=== Begin Enclosure ===

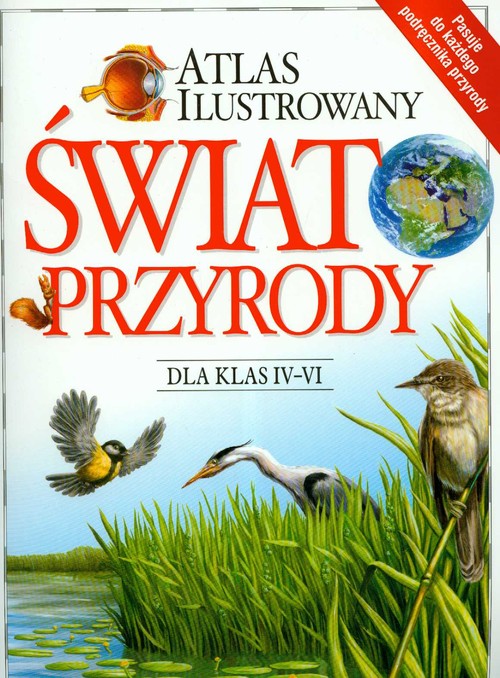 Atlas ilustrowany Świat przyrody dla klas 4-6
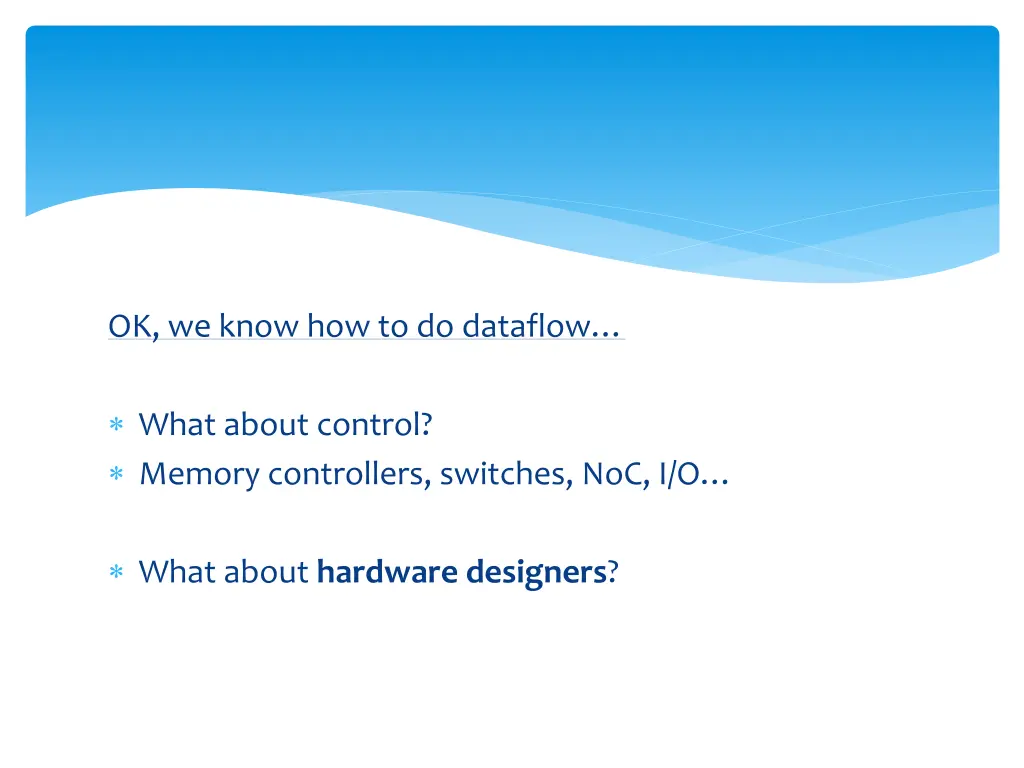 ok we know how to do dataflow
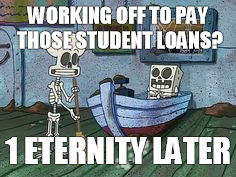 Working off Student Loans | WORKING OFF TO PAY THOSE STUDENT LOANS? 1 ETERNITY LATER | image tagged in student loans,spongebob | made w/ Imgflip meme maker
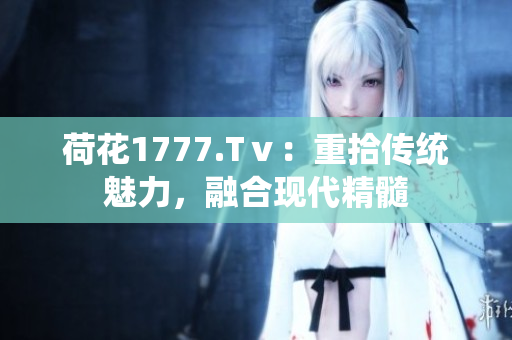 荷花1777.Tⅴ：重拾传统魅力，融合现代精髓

=== End Enclosure ===

**Assigned task**
The data above, line by line: transcribe it exactly and drop the pictures.

**Written solution**
 Atlas ilustrowany Świat przyrody dla klas 4-6
 ok we know how to do dataflow
 Working off Student Loans | WORKING OFF TO PAY THOSE STUDENT LOANS? 1 ETERNITY LATER | image tagged in student loans,spongebob | made w/ Imgflip meme maker
 荷花1777.Tⅴ：重拾传统魅力，融合现代精髓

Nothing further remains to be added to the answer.